Öte yandan, Gülen hareketinin bölge ile ilişkisine baktığımızda ne görüyoruz? İktidarla organik bir ilişki içinde olduğunu düşünmüyorum ama Gülen hareketinin de bölgede, iktidara benzer nitelikte bir "hizmet" hamlesi içinde olduğunu söylemek mümkün. Ne yapıyorlar? Okuma salonları açıp, bölgede eğitim çağındaki çocuklara ücretsiz kurs veriyor, böylece eğitim açığını kapatıyorlar.

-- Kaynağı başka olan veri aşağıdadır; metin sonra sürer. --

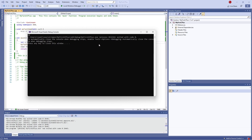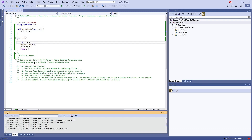Now you can start seeing where pointers and functions can come into use. There will be lots of occasions where you want to pass by reference to save a lot of copying of information. For example, if you've got a big struct — a big database of a person's data — but you want to change one element of that data, we can use pointers with functions to change one aspect of a whole struct.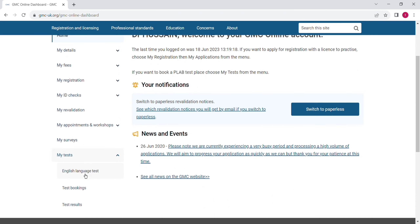Scroll down — here you can see 'my test.' Click on that. You have already entered your English language test and it is accepted. After it is accepted, go to the test booking option and you can book your lab test. So this is all about the GMC registration account.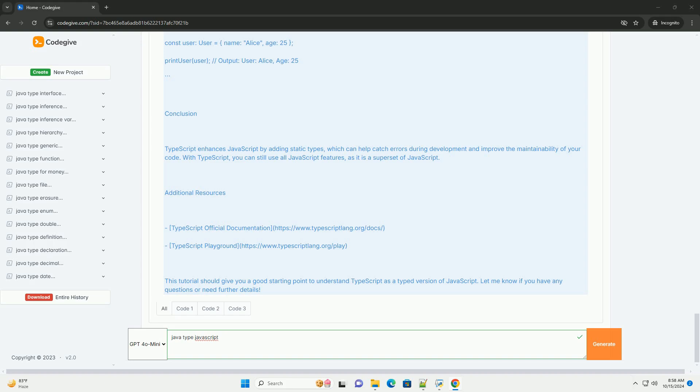This tutorial should give you a good starting point to understand TypeScript as a typed version of JavaScript. Let me know if you have any questions or need further details.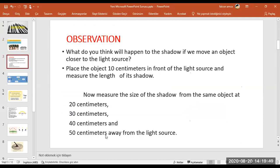We will do an observation together. In this observation, we will take an object and put it at different distances from the light source: 10 centimeters, 20, 30, 40, and 50 centimeters. After each placement, we will measure the length of its shadow. You will also do this observation as an experiment at home — please try it in your garden.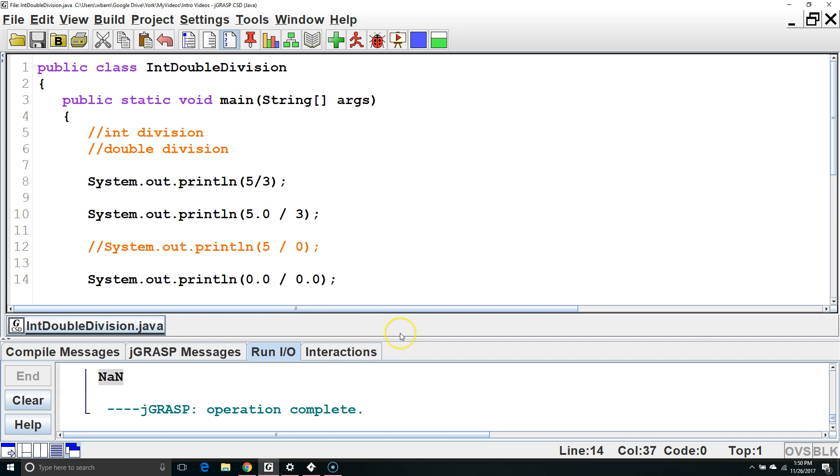So we have to be careful if we're risking dividing by 0 if we're dealing with ints. If we're dealing with doubles, we may be okay dividing by 0 because we will end up with either a positive infinity, a negative infinity, or a not a number value.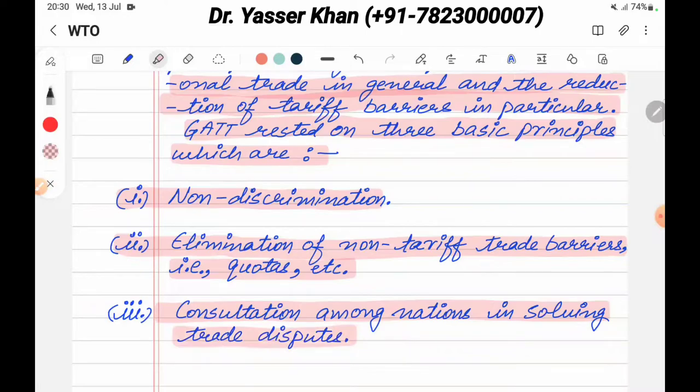If two or more countries have a trade dispute, a new way will be found to solve it through consultation.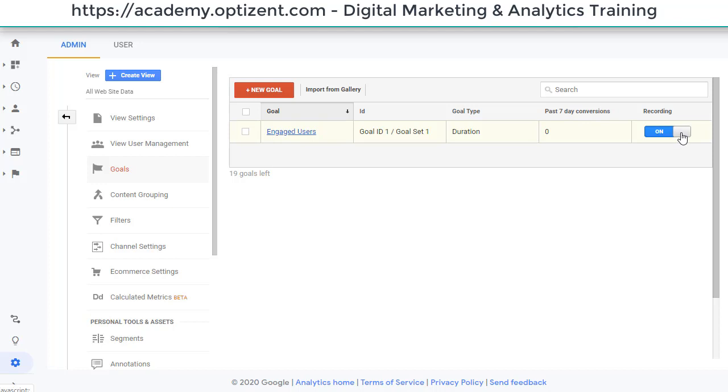One, you can turn it off if you no longer want to collect the data in it. So by clicking on this button, now this goal is off, which means it will no longer collect data and you won't see any reports for this goal going forward.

Dershanelerde bölgenin çocuklarını yüksek okullara hazırlıyorlar. Yurtlar açıp öğrenci barındırıyorlar. Bölgedeki başarılı çocuklara, ülkenin diğer yerlerindeki okullarda eğitim görme imkânı sunuyorlar. Ve bayramlarda ülkenin doğusu ile batısı arasında kardeşlik köprüsü oluşturuyorlar. Böyle böyle binlerce kardeş aile oluşmuş durumda. Alan memnun satan memnun sözünde olduğu gibi, kardeş ailelerin Kürt tarafı da mutlu, Türk tarafı da... Eğitimi alan çocuklar da mutlu.
O zaman, siyasi Kürt hareketi, Gülen hareketine karşı düşmanlığı neye dayanarak üretir?
Kasap et derdinde ise...
Dedim ya...
Kurgu bozuluyor bu durumda.
Kurgu ne?
Kurgu şu:
Bölge insanında öfke ve ayrılık duygusu oluşsun, onun üzerine de siyasi hesaplar bina edilsin.
Ankara adına hep kötüler olsun.
Kürtler dışındaki insanlar da, Kürtler'in mağduriyetine duyarsız görünsün.
AK Parti hükümeti Ankara'yı kötü durumdan çıkarıyor, Gülen hareketi de, başka hizmet grupları gibi, Türk-Kürt kardeşliğini, daha doğrusu inanç kardeşliğini diri tutuyor.
O zaman ne ayrılık duygusu oluşturabiliyorsunuz ne de öfke...
Bunlar olmayınca "Kürt siyaseti" diye bir şey de kurulamıyor.
Yani yaşanan, bir alan kaybı paniği. Yani kasap et derdinde...
Ne denir?
Türkiye şimdi bu kasaplık psikolojisini nasıl tedavi edebileceğine kafa yormalı denir.